7 мая 1724 года совершилось в московском Успенском соборе это коронование государыни с большим торжеством. Обряд совершал новгородский митрополит, а псковский епископ Феофан Прокопович, самый близкий к Петру из духовных сановников, произнес тогда речь, понравившуюся государю. Петр собственноручно возложил на Екатерину корону. Несколько дней после того поили и угощали народ, а потом продолжительное время отправлялись при дворе праздники, маскарады и попойки. Событие было новое для России: до сих пор ни одна из русских цариц не удостоилась такой публичной чести, кроме Марины Мнишек, о которой в памяти народной осталось не отрадное воспоминание. Как бы в свидетельство того, что Петр готовил Екатерине власть, равную своей собственной, он поручил ей, вместо себя, пожаловать графское достоинство Петру Андреевичу Толстому.

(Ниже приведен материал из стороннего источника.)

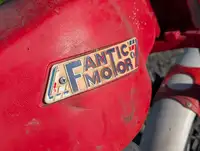 c1982 Fantic FM237 Trials Bike 124cc-For Sale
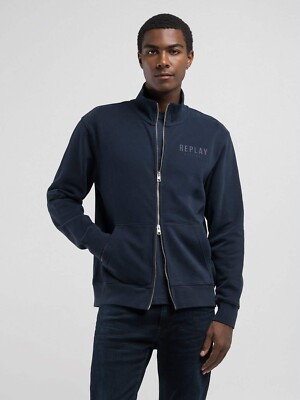 REPLAY HERREN SWEATSHIRT MOD.218-41 Gr. Xl-L Euro 59,00 Outletitalyjeanssrls Preis 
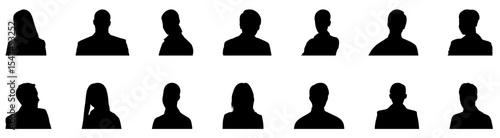 Team icons set. People .Group of people icons. Vector illustration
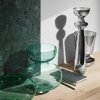 Georg Jensen ALFREDO Szklany Wazon do Kwiatów 25 cm / Zielony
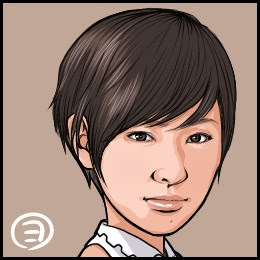 特徴のない顔ってどんな顔？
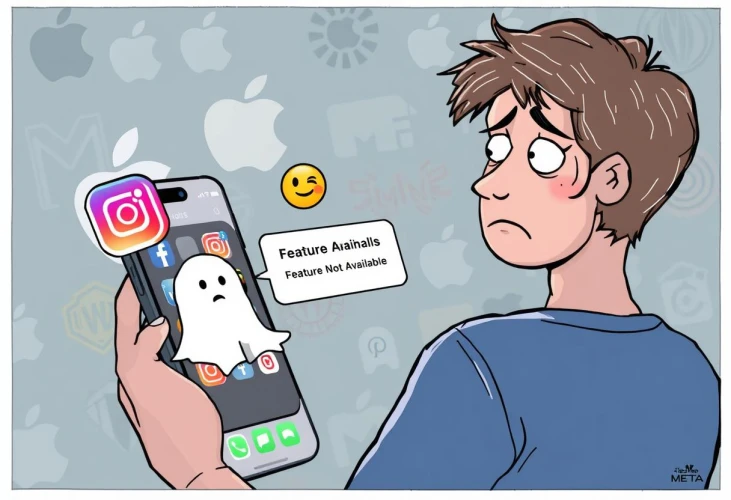 Apple’s AI Tools Ghosted by Meta’s Apps – No More Fancy Emojis for You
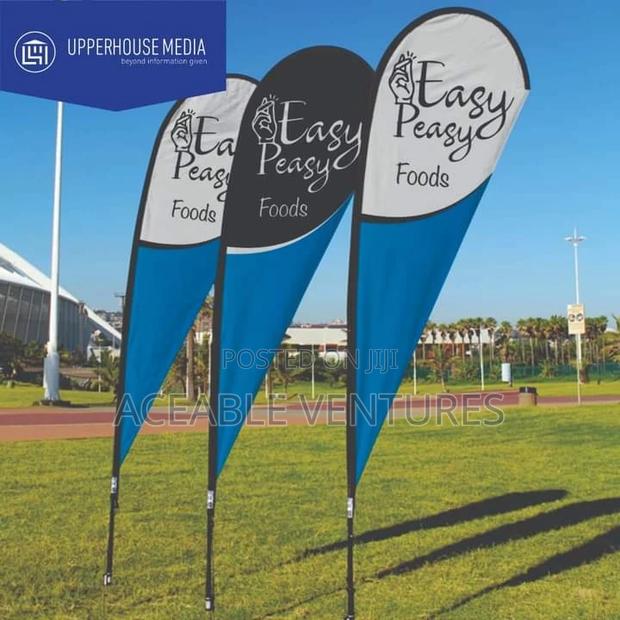 Teardrops Banners /Stands - main view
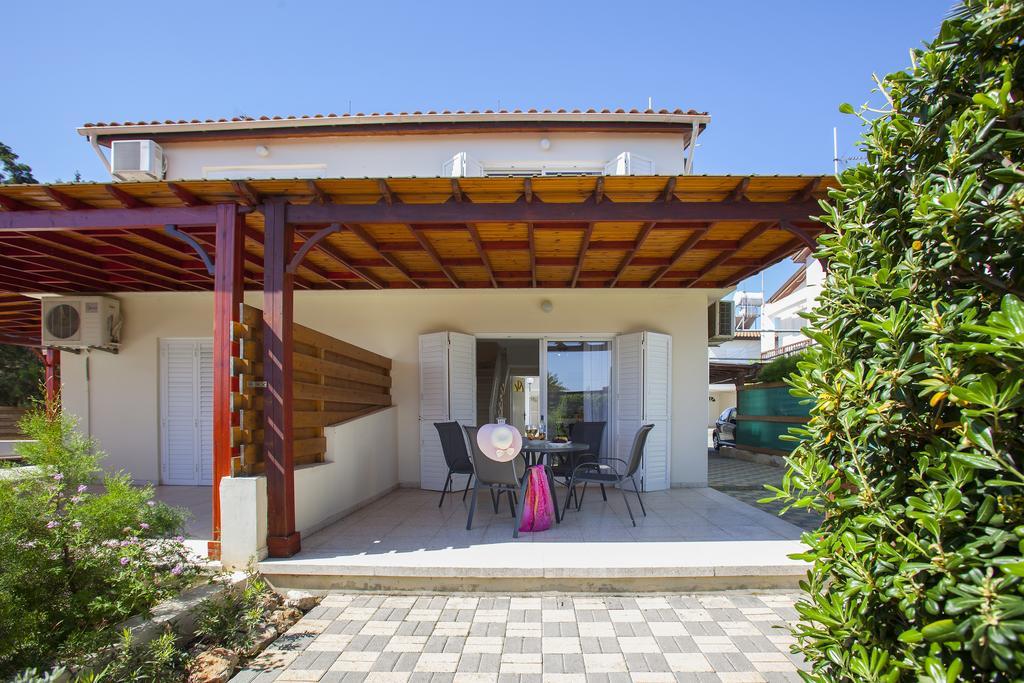 Larnaca Villa Marina Менеоу Экстерьер фото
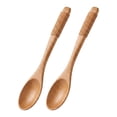 thumbnail image 1 of REGALWOVEN Cooking Utensil Set, Wood Kitchen Utensils for Non Stick Cookware Natural B 2, 1 of 5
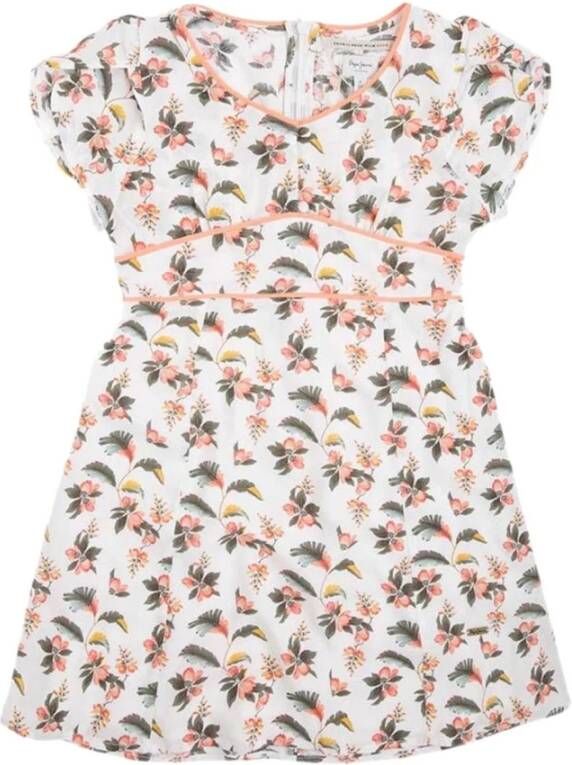 Pepe Jeans Dasha dress Wit Dames - Foto 1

Коронование Екатерины порождало разные предположения о престолонаследии. Одни думали, что, короновавши свою супругу, Петр намеревается объявить ее после себя преемницею, другие делали предположения, что Петр предоставит престол одной из дочерей, за неимением от Екатерины детей мужского пола. Большинство русских расположено было в пользу внука Петра, малолетнего сына царевича Алексея. Сам Петр, как видно, колебался; он то оказывал расположение к внуку, то как будто не хотел знать его. Замечали тогда, что характер Петра менялся. Он постоянно имел задумчивый вид, часто искал уединения, с ним боялись заговаривать о делах, когда он оказывался угрюмым. Иногда он требовал к себе священника, иногда доктора, а иногда вдруг, по-старому, предавался разгулу и окружал себя шутами и членами всепьянейшего собора. Среди праздников и веселья, господствовавшего при дворе после коронования Екатерины, Россия представляла совсем непраздничный вид. Повсюду раздавались жалобы на бедность; недавние неурожаи произвели большую скудость необходимых средств к жизни; хлебные магазины, которые давно уже приказал устроить царь по всей России, существовали только на бумаге: на самом деле никто не спешил исполнять в этом повеление своего государя. По улицам городов и по большим дорогам сновали толпы нищих, хотя государь много раз уже приказывал, чтобы в его царстве не было нищих, и, под угрозами пеней и суровых наказаний, запрещал своим подданным раздавать милостыню. Голодные пускались на грабежи и убийства; около самого Петербурга бродили разбойничьи шайки. Казенные недоимки все более и более возрастали; в военной коллегии и в адмиралтейств-коллегии совсем недоставало денег на содержание войска и флота. Между тем тягости народу не облегчались; продолжали переселять русских людей в ненавистный для них Петербург, а множество неоплатных должников казне отправляемо было на тяжелую работу в Рогервик и Кронштадт. В то время, когда при дворе отправляли маскарады и веселились, в народе слышны были проклятия, за которые неосторожных тащили в тайную канцелярию и предавали варварским мукам.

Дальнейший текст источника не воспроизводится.